14. 共立一女子 - 読み過ごされた女王の出自
「乃共立一女子爲王。名曰卑彌呼。」
魏志倭人傳で、卑彌呼を後継した壹与は、卑彌呼の「宗女」、すなわち、親族として紹介されていますが、卑弥呼自身にはそのような係累の記事はなく、単に「一女子」と紹介されているように見えます。
卑彌呼は、「一女子」と書かれているとおりに、出自不明の一女性だったのでしょうか?
漢、魏、晋の時代の「女子」の語義を知るすべとして、南朝劉宋代にまとめられた逸話集「世說新語」に載せられている後漢末の蔡邕に関する「黄絹幼婦外孫虀臼」の逸話があります。

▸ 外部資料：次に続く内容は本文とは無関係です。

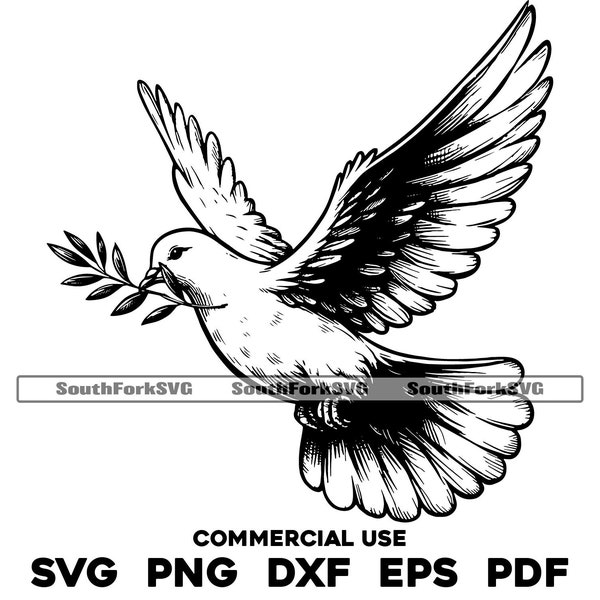 Dove with Olive Branch Laser Engrave Files svg png dxf eps pdf | vector graphic design cut print dye sub cnc digital file commercial use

蔡邕が石碑に彫り残した謎かけを、一世代後の曹操が、しばしの思案の末に「絶妙好辭」と案じるという設定です。
この謎は、お題の8文字が、それぞれ二文字ごとに一文字の漢字を導くというものです。
本稿で関係するのは、七、八文字目なので、他の部分の謎解きは割愛しますが、ネット検索すれば、容易に全体の謎解きを読むことができます。
さて、ここで「外孫」と唱えていますが、これは、「女子」、つまり、「女」(娘)が嫁いでできた子(そとまご)のことです。
謎解きでは、「女子」は、横につなげて「好」の字となると言うことです。
この故事は、当時の教養ある人には、「女子」に「外孫」の語義ありとの了解が成り立っていたことをしめすもののようです。
陳壽の書いた記事を、このような語義に従って読むと、卑彌呼は、男王の外孫であり、従って、年齢は、せいぜい17,8歳の少女であったと書き残しているとの読みができます。
男王の外孫であり、かつ、嫁ぎ先の有力者の孫娘であるということは、広く女王として尊重されるにふさわしい根拠であり、又、兄弟姉妹のある中で、あえて、俗縁を離れて鬼神に事えることになった原因であったようにも思えるのです。
「女子」の一語で、卑弥呼の年齢と係累・出自を書き残したのは、陳壽の渾身の寸鉄表現と考えることもできます。
ちなみに、先ほど無造作に使った「少女」と言う形容は、蔡邕に従うと、「幼婦」であり、15歳以上と思われる「女子」に対して使うには、不適切な形容であることになります。
こうした使い分けは、当時の人々には自明だったのでしょうが、後世の目から見ると、判じがたいものがあるのです。
笵曄は、才人、文章家の評価が高く、陳壽は、それに比して凡庸と見られているように思われますが、この一件が故事を踏まえているとすれば、陳壽の機知は、笵曄を凌いでいて、燦然たるものがあるようです。